Toluidine blue O modifies hippocampal amyloid pathology in a transgenic mouse model of Alzheimer's disease.

Recently, we have demonstrated that toluidine blue O (TBO), a phenothiazine dye, shows inhibitory effects on both cholinesterases and amyloid pathology in Alzheimer's disease (AD) cellular model. In the present study, we aimed to determine the effects of TBO (in a purity of 85%) on amyloid and tau pathologies in a triple transgenic mouse model of AD (3xTg-AD). Beginning at 7.5 (mild pathology) or 13 (severe pathology) months of age, 3xTg-AD mice were treated intraperitoneally with 4 mg/kg TBO or vehicle daily for 30 days. TBO treatment significantly reduced the levels of insoluble Aß40 and Aß42 in the hippocampi of mild and severe pathology groups compared to vehicle-treated counterparts. When the levels of full-length amyloid precursor protein (APP) and ß-site APP-cleaving enzyme 1 (BACE1) were assessed in 3xTg-AD mice at late pathological stage, no significant changes were observed after TBO treatment. Similarly, TBO did not recover hyperphosphorylation of tau at residues Thr181 and Ser202/Thr205 significantly in soluble and insoluble hippocampal fractions of 3xTg-AD mice. Taken together, the current study is the first in vivo report, to our knowledge, demonstrating that TBO mitigates amyloid pathology in 3xTg-AD mice with no apparent change on tau phosphorylation. Overall, the preliminary data presented here support the possible use of TBO as a disease-modifying drug for AD treatment.
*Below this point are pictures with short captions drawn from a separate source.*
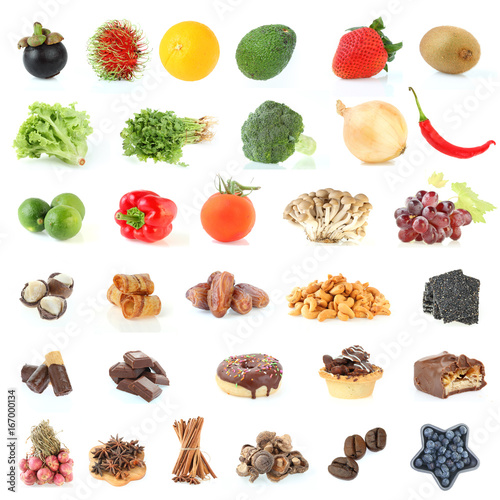 food collection background healthy eating fruits and vegetables isolated on white background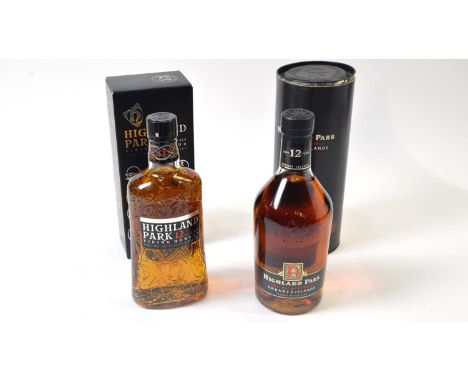 Highland Park Single Malt Scotch Whisky, one bottle, Orkney Islands, 43% vol, 1l, tubed; and Highland Park Viking Honour Sing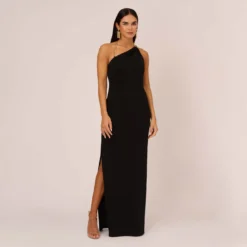 Asymmetrical Crepe Column Gown With Chain Straps In Black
Effects of phenothiazine-structured compounds on APP processing in Alzheimer's disease cellular model.

The excess accumulation of amyloid-ß (Aß) peptides derived from the sequential cleavage of amyloid precursor protein (APP) by secretases, is one of the toxic key events leading to neuronal loss in Alzheimer's disease (AD). Studies have shown that cholinergic activity may also be involved in the regulation of APP metabolism. In the current study, we have investigated the roles of toluidine blue O (TBO) and thionine (TH), newly recognized phenothiazine-derived cholinesterase inhibitors, on the metabolism of APP in Chinese hamster ovary cells stably expressing human APP751 and presenilin 1 (PS70 cells). We assessed the effects of both compounds on the levels of Aß, soluble APP-α (sAPPα), intracellular APP and ß-site APP-cleaving enzyme 1 (BACE1). After treatment of PS70 cells with TBO or TH without any side effect on cell viability, the levels of secreted Aß40, Aß42 and sAPPα were assayed by specific sandwich ELISAs while APP and BACE1 in cell lysates were analyzed using Western blot. The secreted Aß40, Aß42 and sAPPα in TBO- and TH-treated cells were found to be reduced in a dose-dependent manner compared to vehicle-treated cells. Results suggest that TH mitigated the Aß pathology by lowering APP levels whereas reduced Aß caused by TBO treatment seems to be the outcome of both less substrate availability and amyloidogenic APP processing. Taken together, our results represent the first report demonstrating that TBO and TH can affect amyloid metabolism in vitro.